Weihnachtszeit ist die Zeit der Freude, der Besinnlichkeit, der Nächstenliebe - so die Theorie. Wer regelmäßig die Feierlichkeiten für die eigene Familie organisieren muss, könnte anderer Meinung sein. Nicht selten lädt sich genau dann der Stress der vergangenen Wochen ab, wenn gerade die Bescherung ansteht.

Von Wolfgang M. Meyer | 23.12.2010
    Wann beginnt sie eigentlich? Wann geht es los?

    Wer sich am Einzelhandel orientiert, wird bekanntlich schon früh, etwa im September, auf diese Zeit vorbereitet. Zunächst behutsam, dann eindringlich: Die Sommerschlussverkaufsware in den Auslagen der Warenhäuser verschwindet, in den Supermärkten schleichen sich die ersten Lebkuchensterne in die Regale, hier und da zeigen sich bereits die ersten Nikoläuse aus Schokolade.

    An allen Ecken, von morgens bis abends, im Fernsehen, im Radio, in der Zeitung – überall die klare Botschaft: Es geht wieder los!

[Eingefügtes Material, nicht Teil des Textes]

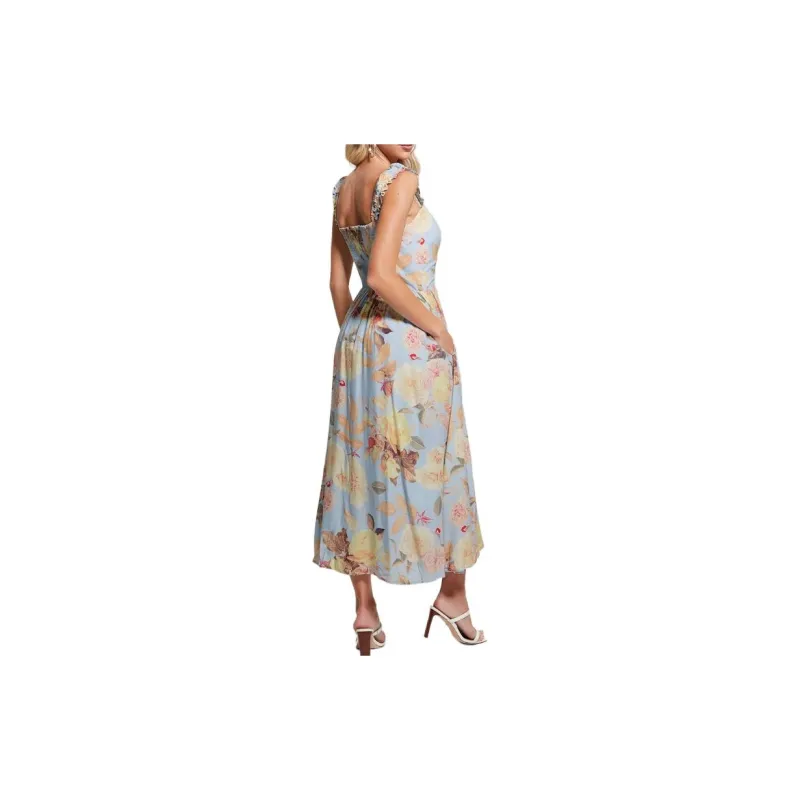 GUESS Susanna Midi Dress Sleeveless Dress Women's Multicolor-2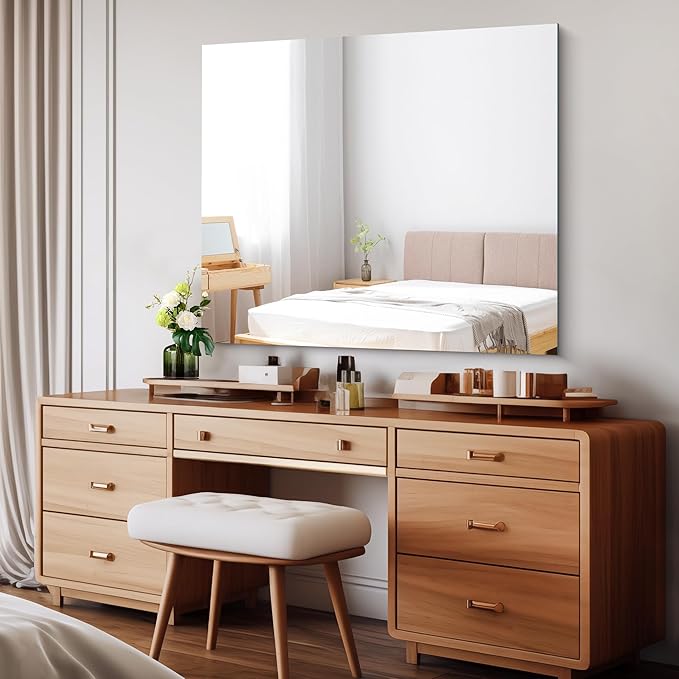 CILIBER Frameless Mirror, 36x40 inch Bathroom Mirrors - Image 2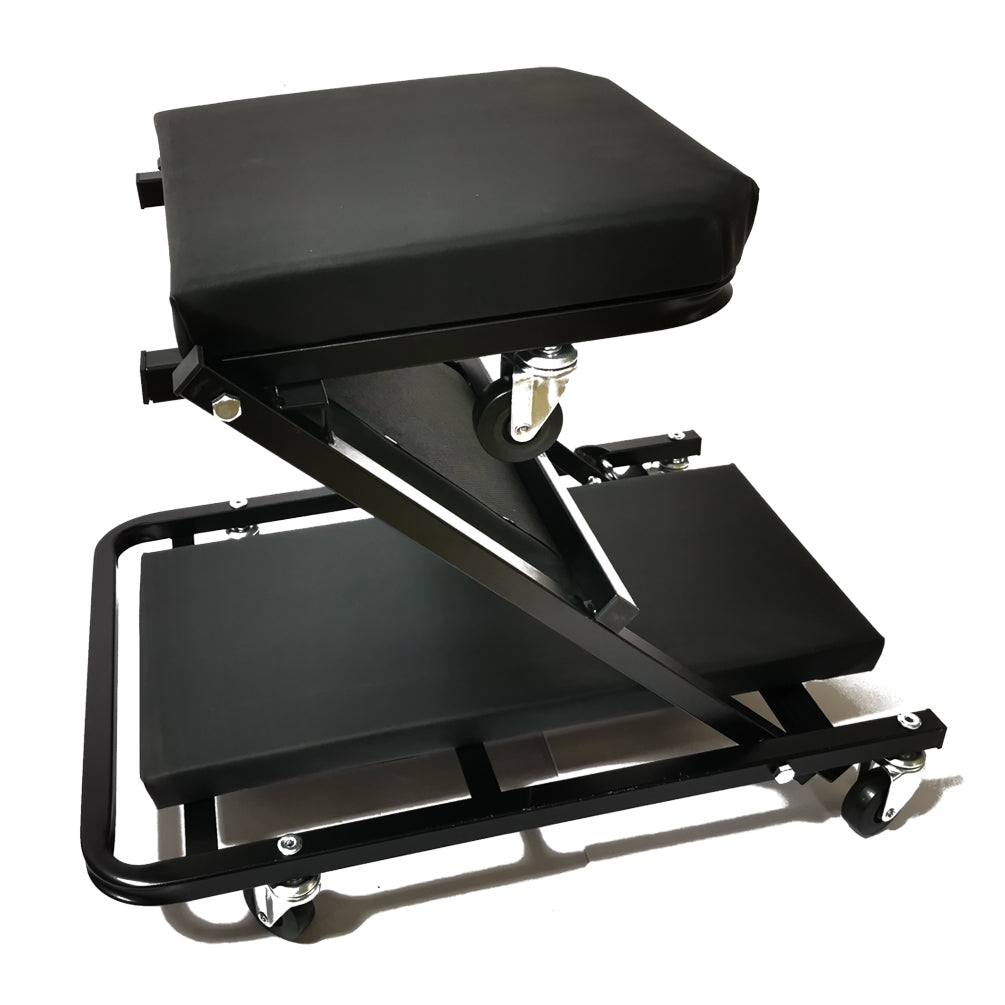 48" 2 in 1 Folding Creeper Mechanic Stool Seat Garage Repair Trolley Workshop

    Keine Schaufenster mehr ohne große Mengen weißer Watte, kein städtischer Platz ohne diese Mischung aus Glühwein- und Lebkuchenduft, nur noch wenige Hausfassaden ohne kletternde Weihnachtsmänner, kaum noch Touristen in den Einkaufsstraßen ohne rote Nikolausmütze auf dem Kopf.

    "Ja, der Hype fängt ja schon Monate vorher an, also die Erwartungshaltung steigert sich ja praktisch bis zum 24. Dezember, wenn man durch die Geschäfte und Läden geht, dann wird das ja sozusagen schon vorbereitet."

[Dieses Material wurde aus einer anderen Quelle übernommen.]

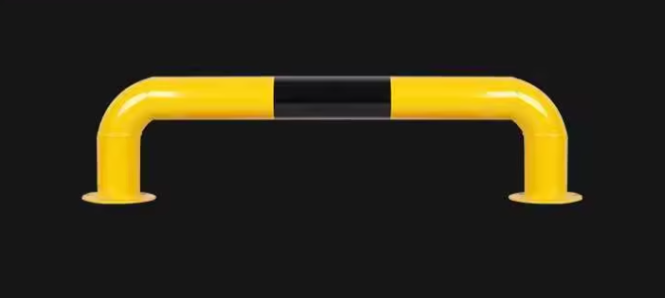 Lan can phân làn sơn màu vàng đen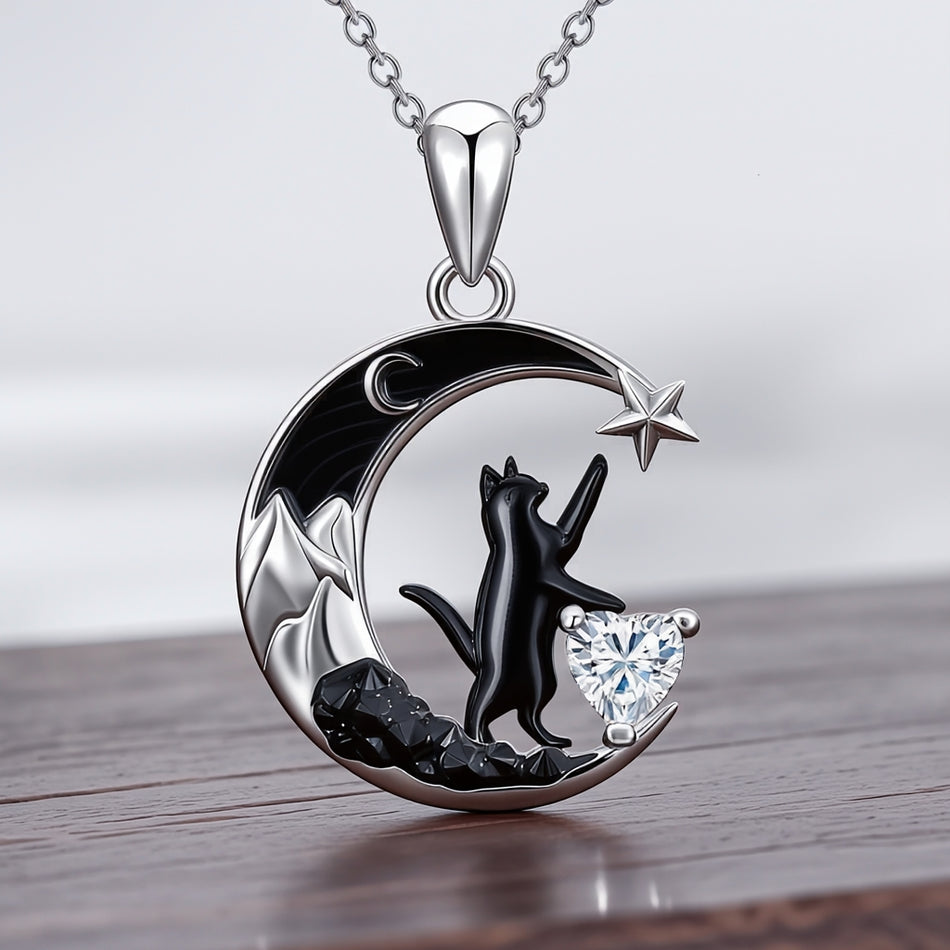 Sterling Silver Heart Birthstone Moon Star Black Cat Pendant Necklace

    Der Psychoanalytikerin Ingrid Prassel geht es wie fast allen ihrer Kollegen: die Praxen und Beratungsdienste bereiten sich in dieser Zeit auf Sonderschichten vor.

    Denn sie ist eben alles beherrschend, diese Weihnachtszeit...

    "... diese Zeit des Wichtelns im Büro, des Gänsessens mit Kollegen, die Zeit, in der die Onlinegeschäfte E-Mails schicken mit: "Wir-haben-Empfehlungen-für-das-Fest", es ist die Zeit, in der Busse und Bahnen ebenso überfüllt sind wie die Kaufhäuser."

    Es ist die Zeit, in der vor allem Frauen – Mütter, Großmütter - übermäßig belastet sind durch die Weihnachtsvorbereitungen.

    Es ist die Zeit, die wir ertragen müssen.

    "Der Spannungsbogen wird ja schon gebildet, und dass er sich dann irgendwann kurz vorher entlädt, ist ja eigentlich auch naheliegend."

    "Nürnberg - Viele Frauen fühlen sich durch die Weihnachtsvorbereitungen gestresst. Ein Drittel der Befragten - 32 Prozent - stört es, dass sie vor Heiligabend so viel Arbeit und Stress haben."

    Das Ergebnis einer repräsentativen Umfrage der GfK-Marktforschung.

    "Institut für Psychosomatik: Entspannung gegen den Weihnachtsstress."

    Ein aktuelles Angebot aus dem Internet.

    "20 Tipps gegen den Stress unterm Tannenbaum."

    So wirbt die Konkurrenz. Ebenfalls im Netz.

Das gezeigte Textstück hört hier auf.